Understanding Healthcare Consumerism

Orthopaedic & Spine Center

Physicians see increase in need to educate patients in both the quality and cost of treatments.

NEWPORT NEWS, VA. (November 13, 2013) – More and more, Jeffrey R. Carlson, M.D., Managing Partner with the Orthopaedic & Spine Center (OSC) in Newport News, is having as many monetary conversations with his patients as he is medical.

Patients aren’t just trying to understand how a specific treatment plan will make them feel, but also if they can afford it, said Carlson. They ask about injections versus surgery, for example, and about the financial impact of their choices short term versus long term.

“The decision lies with the patients,” Carlson said. “It’s their lives and their medical issues they have to treat. But we are having those cost discussions and using it as an opportunity to educate patients on how they can make more informed choices in their healthcare.”

Carlson and OSC are not alone in this trend, often referred to as healthcare consumerism.

“Consumerism is a common discussion that we have with our clients, especially since it has become necessary to choose higher deductibles to achieve lower premiums,” said Dayton Wiese, a benefits consultant with Experient Health, the health insurance arm of Virginia Farm Bureau.

Take Anthem Blue Cross Blue Shield’s Cost Comparison tool as an example. Anthem members can review approximate costs for procedures or treatments, evaluate physicians’ quality outcomes and make decisions based on their current benefits plan – all from their personalized account online.

Anthem’s tool “helps (patients) make more informed financial decisions based on costs for procedures/treatments and your out-of-pocket costs for more than 168 common medical procedures and treatments,” according to Anthem.

It also gives a side-by-side comparison of the reimbursement for procedures, which can be translated into the cost to the patient.

“When patients see a bill for a procedure or a test, they see that it costs a certain amount,” Carlson said. “The charge isn’t the issue. The charge can be almost anything because the actual reimbursement is related to the negotiated price that the provider has with the insurance carrier. That’s what Anthem now offers – a glimpse into that negotiated price and the actual reimbursement.”

Wiese has seen more people interested in assessing this data, he said, and has walked many of his clients through Anthem’s tool.

“Patients want to know how much things cost and what they are responsible for,” Carlson said. “In our country, we have been talking about healthcare costs and how to contain costs. This kind of comparison tool is really important because it gives patients more information at a time when we are all more skeptical of costs.”

And it allows them to focus on their treatment, versus how they will pay for it.

The cost to patients and reimbursement differences can be in the range of thousands of dollars.

“Reimbursements for what physicians get paid are fairly similar throughout,” Carlson said. “A knee replacement done by a surgeon in Newport News is going to be the same price for a surgeon in Richmond or North Carolina.”

But for some procedures, Carlson said, “we are seeing a staggering difference in the reimbursement of the procedure itself and the cost to the patient. Take the example of an MRI scan. A hospital two miles away from us is reimbursed at a much higher rate even when our open MRI scanner is brand new and the most powerful open scanner in the area.”
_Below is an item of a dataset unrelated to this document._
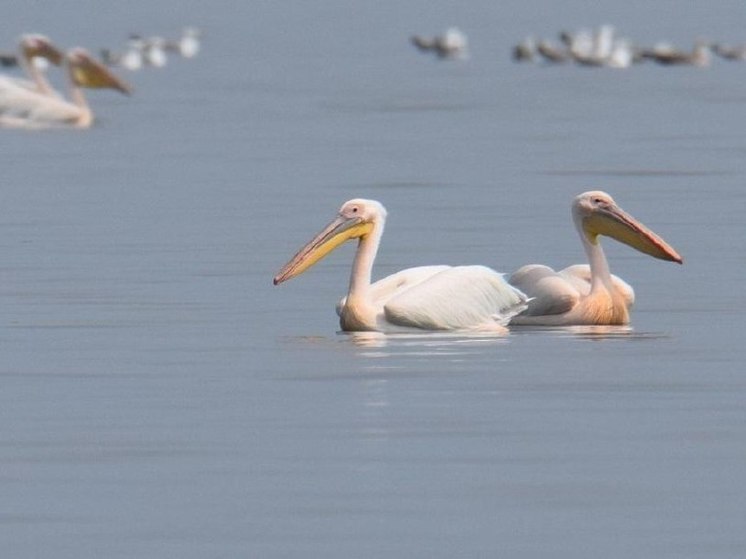 В Анапе нашли две колонии розовых пеликанов, считающихся в крае исчезающим видом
Based on the Anthem Premier policy for a 30-year-old female, the negotiated rate at area hospitals is approximately five times that of what OSC (an orthopaedic medical practice) would be reimbursed for the same procedure.
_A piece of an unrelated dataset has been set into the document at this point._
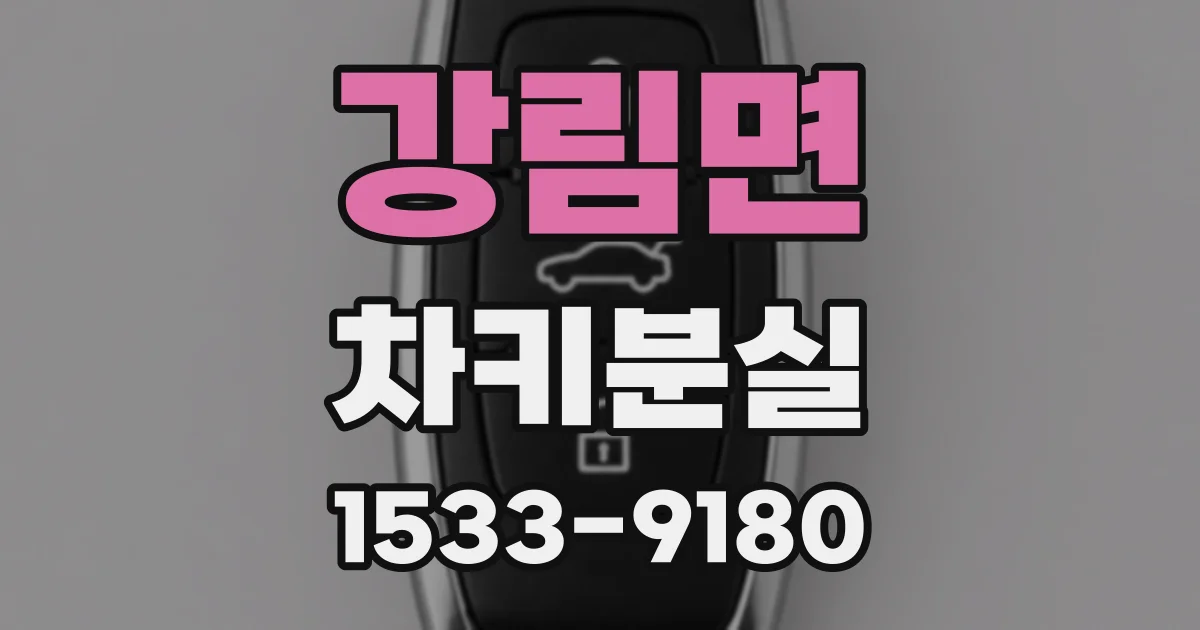 강림면 차키분실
In the Anthem tool, patients not only see the cost of a procedure, but can also determine where to go to have the procedure done within their geographic area.

Beyond reimbursement rates, Wiese advises his clients to also look at the quality reports in the Anthem Cost Comparison tool, calling it the most important feature

“People will pour over Consumer Reports and online reviews for months before they purchase a new dishwasher but there is a lack of awareness and availability for comprehensive comparisons of medical facilities,” Wiese said.

Carlson agrees.

The other avenue patients can have some influence in their cost of healthcare, Carlson said, is in finding a quality medical provider with a history of quality outcomes.

If patients use “surgeons with a history of higher quality outcomes, there’s a better chance of them having less complications and less problems after surgery.”

Complications could equal return visits, more co-pays and a longer period away from work.
Patients can find out online how many types of procedures have been done by physicians, find health grades and see where hospitals ranks in terms of complications and infections.

The time in research is worth it, Carlson said, because “the quality is where you save the money.”